▶ _WORK ORDER_:
Within the listing that follows, reproduce exactly the lines starting at the line with "Item preview, Exotic" and ending at the line with "MG ZS Trophy Long Range Black #3", inclusive, and only those. Pictures are dropped.

▶ _DATA FOR THIS EXERCISE_:
-.-.-
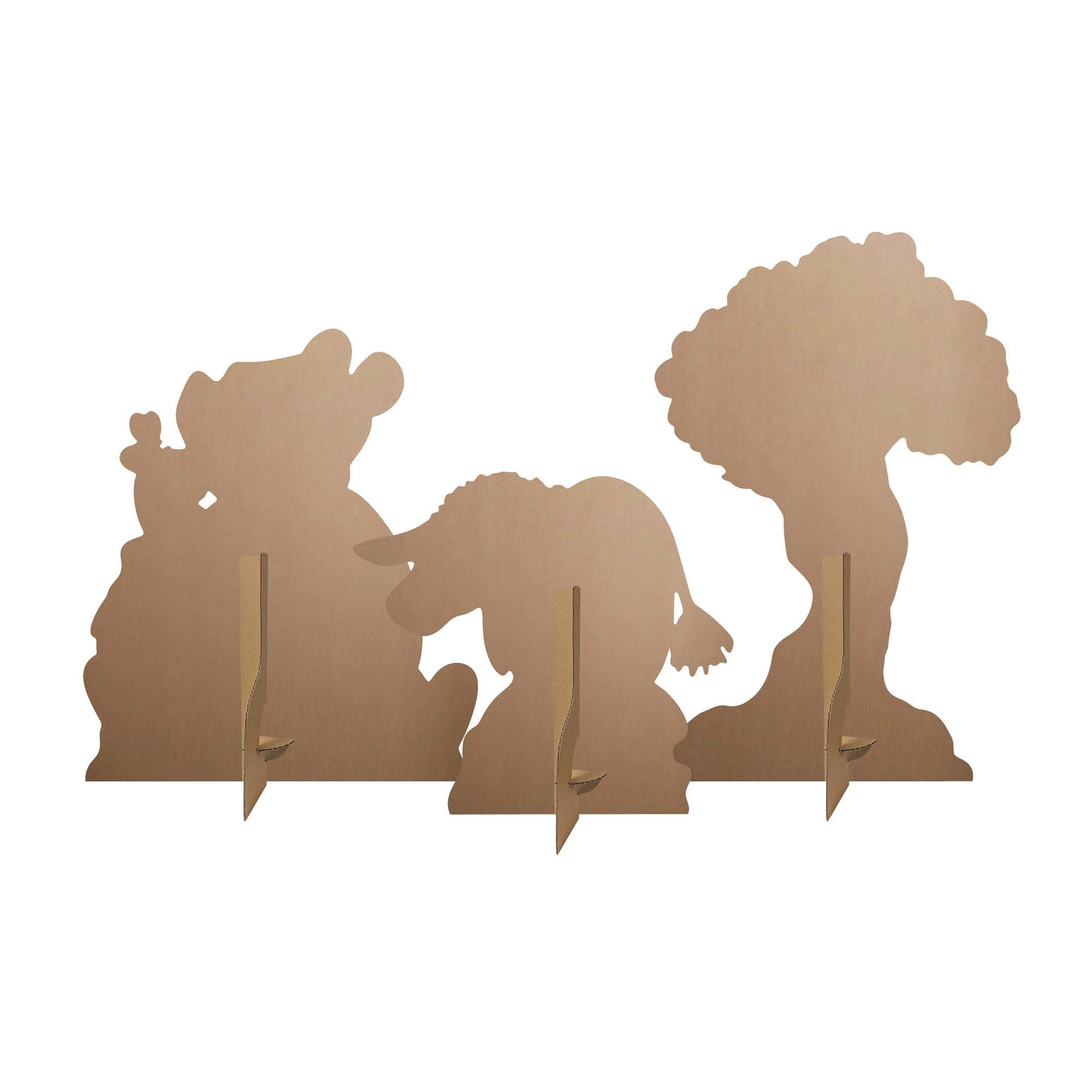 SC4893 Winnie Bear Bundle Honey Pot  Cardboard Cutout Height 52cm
-.-.-
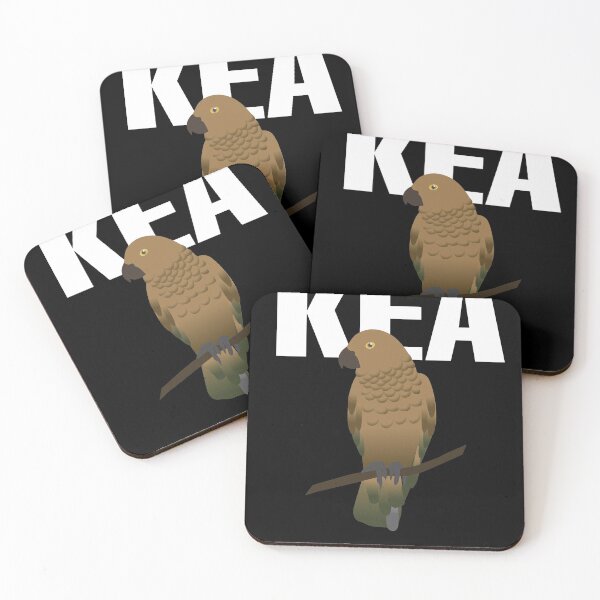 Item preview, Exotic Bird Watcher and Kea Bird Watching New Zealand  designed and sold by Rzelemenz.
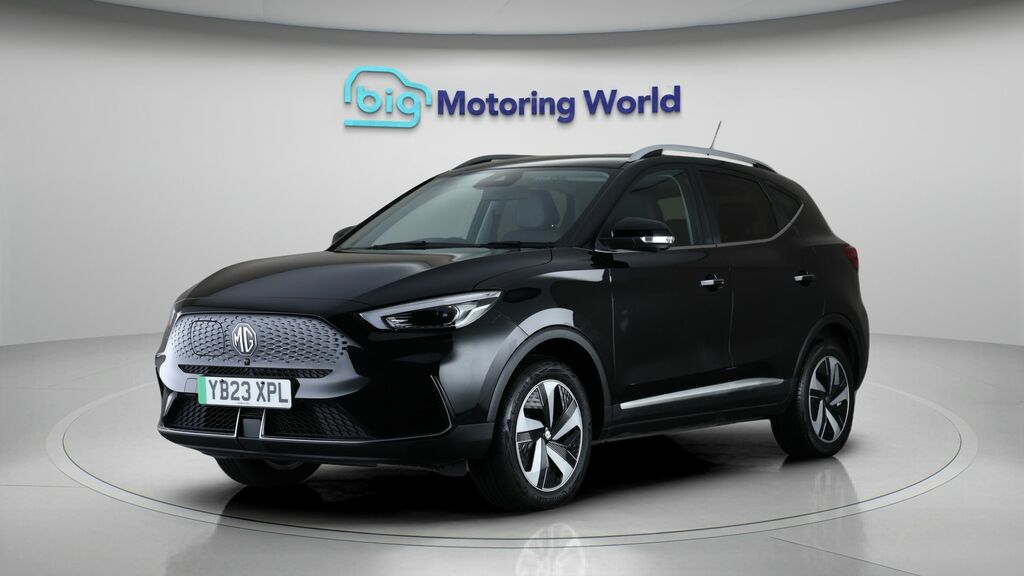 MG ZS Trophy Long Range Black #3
-.-.-
▶ _TASK SOLUTION_:
 Item preview, Exotic Bird Watcher and Kea Bird Watching New Zealand  designed and sold by Rzelemenz.
 MG ZS Trophy Long Range Black #3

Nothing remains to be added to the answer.